Your math is waaaaay off. Let me help you.:
Let’s assume that you commute a rather conservative distance of just 25mi to work. That’s 50mi/day, 5 days/wk, plus let’s say half that over the weekend. Assuming an (again, generous) fuel efficiency for your truck at 25mpg, given a ballpark 300mi/week, that’s 12 gallons of fuel/week. The current average price of gas in the US is a remarkably low $3.071, and that adds up to $36.85/week.
Now consider the costs of maintenance. If you’ve really had zero problems in the last 20 years on a pickup truck (honestly this is far from average), you likely did an oil change every 3 months at the very least. These days it’ll run you about $100.
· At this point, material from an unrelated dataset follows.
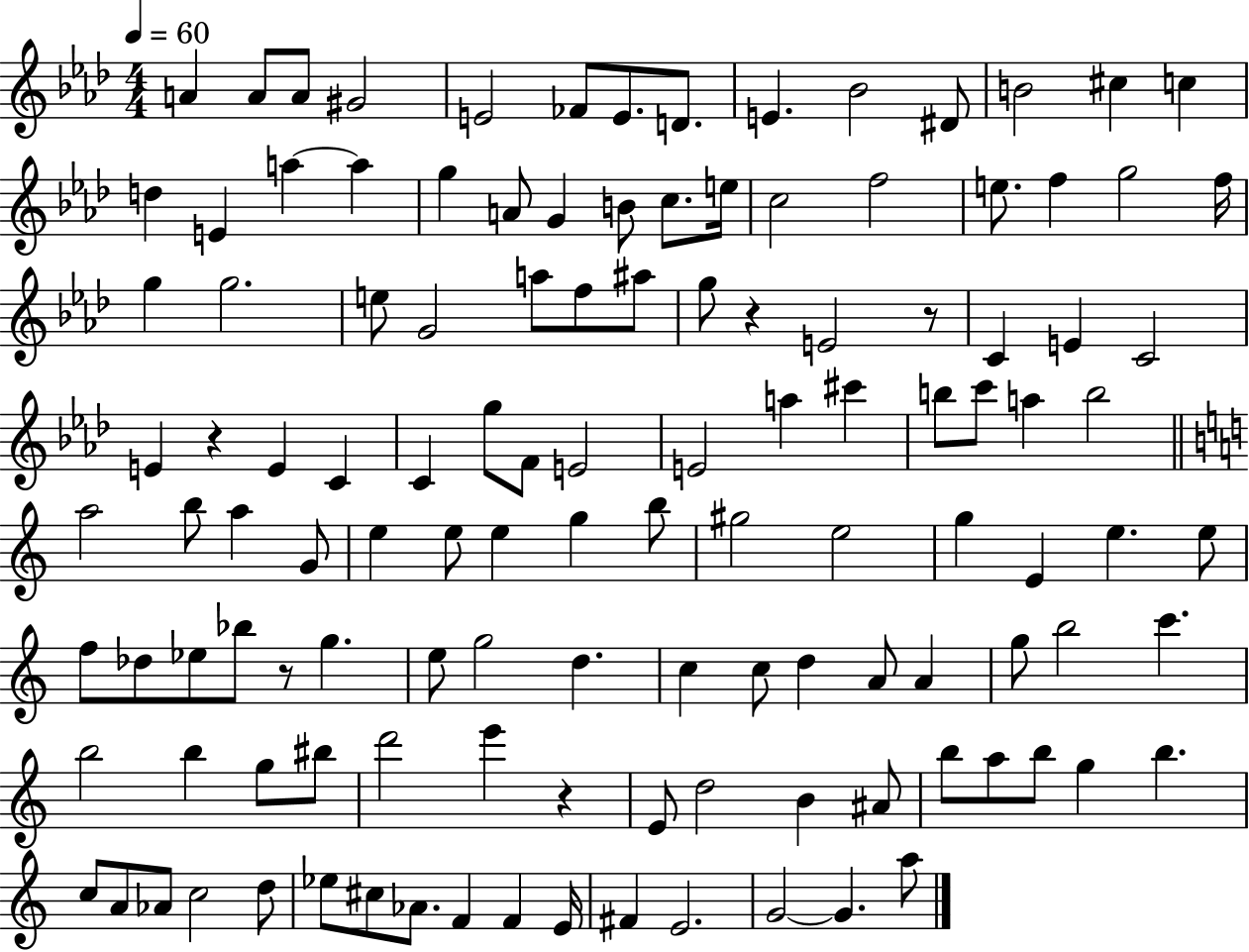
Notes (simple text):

A4/q A4/e A4/e G#4/h E4/h FES4/e E4/e. D4/e. E4/q. Bb4/h D#4/e B4/h C#5/q C5/q D5/q E4/q A5/q A5/q G5/q A4/e G4/q B4/e C5/e. E5/s C5/h F5/h E5/e. F5/q G5/h F5/s G5/q G5/h. E5/e G4/h A5/e F5/e A#5/e G5/e R/q E4/h R/e C4/q E4/q C4/h E4/q R/q E4/q C4/q C4/q G5/e F4/e E4/h E4/h A5/q C#6/q B5/e C6/e A5/q B5/h A5/h B5/e A5/q G4/e E5/q E5/e E5/q G5/q B5/e G#5/h E5/h G5/q E4/q E5/q. E5/e F5/e Db5/e Eb5/e Bb5/e R/e G5/q. E5/e G5/h D5/q. C5/q C5/e D5/q A4/e A4/q G5/e B5/h C6/q. B5/h B5/q G5/e BIS5/e D6/h E6/q R/q E4/e D5/h B4/q A#4/e B5/e A5/e B5/e G5/q B5/q. C5/e A4/e Ab4/e C5/h D5/e Eb5/e C#5/e Ab4/e. F4/q F4/q E4/s F#4/q E4/h. G4/h G4/q. A5/e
In terms of insurance, I asked this site for the average cost of insuring a Toyota pickup truck for one year: $1937. Let’s be grossly optimistic and pretend that those rates will never go up.
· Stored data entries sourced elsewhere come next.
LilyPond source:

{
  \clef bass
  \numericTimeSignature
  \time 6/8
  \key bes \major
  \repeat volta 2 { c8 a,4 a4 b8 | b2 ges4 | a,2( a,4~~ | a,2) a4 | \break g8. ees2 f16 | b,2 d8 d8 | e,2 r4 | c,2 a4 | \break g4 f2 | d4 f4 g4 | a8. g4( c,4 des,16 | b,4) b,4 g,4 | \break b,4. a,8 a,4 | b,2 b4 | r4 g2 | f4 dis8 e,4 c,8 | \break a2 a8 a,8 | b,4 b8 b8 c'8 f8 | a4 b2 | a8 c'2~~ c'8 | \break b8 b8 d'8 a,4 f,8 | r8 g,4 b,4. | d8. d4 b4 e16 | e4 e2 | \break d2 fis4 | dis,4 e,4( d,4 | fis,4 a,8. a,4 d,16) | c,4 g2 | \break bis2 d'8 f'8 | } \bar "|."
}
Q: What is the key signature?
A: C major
Initial cost: (Provided) = 11000.00 Fuel costs: (50 × 6 ÷ 25 × 3.071 × 52 × 20) = 38326.08 Oil changes: ($100 × 4 × 20) = 8000.00 Insurance: (1937 × 20) = 38740.00 Parking: = ? ------------------------------------------------------ Total 96066.08
Excluding the cost of parking, the purchase of your miracle never-needs-repair truck if purchased today would be roughly $100,000. Note also how very conservative these values are. It’s entirely possible that your real costs are well above what I’ve stated here.
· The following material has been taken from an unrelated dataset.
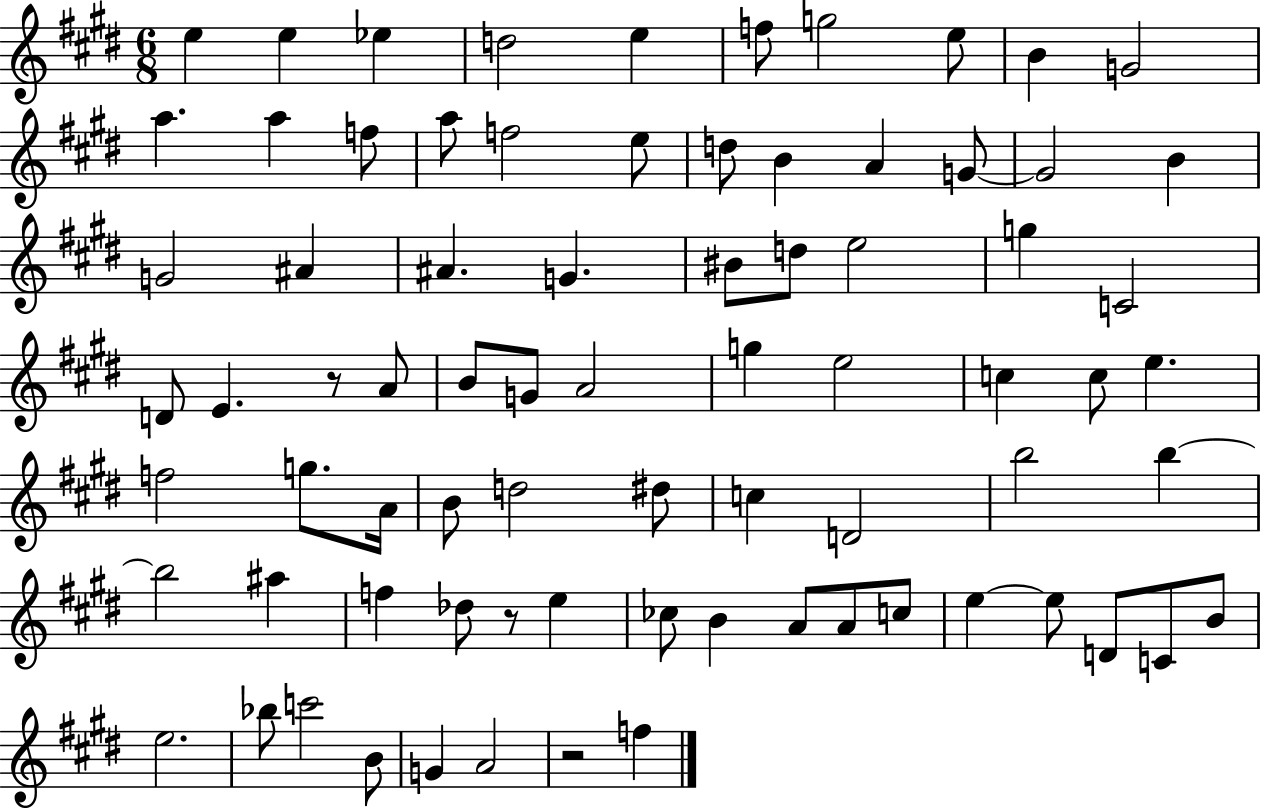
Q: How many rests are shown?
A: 3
The total cost of the rental was $1000 plus fuel costs, so using our above figures, that’s a grand total of $1042.99 assuming you drove it roughly 50mi/day for all 7 days of the week. That’s assuming that you don’t opt for the much lower rates that appear to be available to you in the area of $250 - $350/week.
So, if you didn’t own a car and instead only rented on when you needed to “move a couch”, you would save just over $95,000. In other words, your insistence that you absolutely must own your own vehicle has cost you the equivalent of a downpayment on a house.
birdwing@lemmy.blahaj.zone 11 hours ago
My bike cost me €800 in 10 years.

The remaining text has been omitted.